Gisteren in het Henriëtte Polak-museum in Zutphen bij 'Maken wat gezien is'. 'Modern-klassieke schilder- en beeldhouwkunst' van zeventien deelnemers.Wat ik merk is dat de verschillen kleiner worden, de genres lopen steeds meer door elkaar, waar je ook komt. En zie, houten beeldjes van Wendelien Schönfeld, die van de kleurhoutsneden van het Parijse Hôtel Turgot. Weer hout!

De beeldjes staan hier ook met tekeningen van het onderwerp erbij.
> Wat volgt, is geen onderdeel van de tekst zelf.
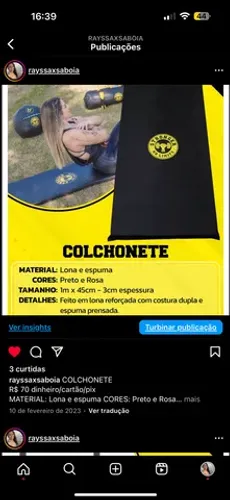 Colchonete para atividade física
Een vader, een moeder, en waarachtig een tante.
Ik zin al jaren op een tante-project. En nu sta ik oog in oog Wendeliens tante.
In haar tante-blouse..
Hoe 'tante' kan een oudere dame zijn?
In Zutphen, nota bene, in mijn leven tantestad bij uitstek. Ik bracht er mijn eerste zes levensjaren door, toen het nog Zutfen heette. En bezocht er aan de hand van mijn moeder de dames Zimmermann in een wit huis aan de Ijsselkade.
Later logeerde ik er bij mijn tante - 'geen echte tante' - Karin, die onder de Drogenapstoren woonde en me leerde tekenen.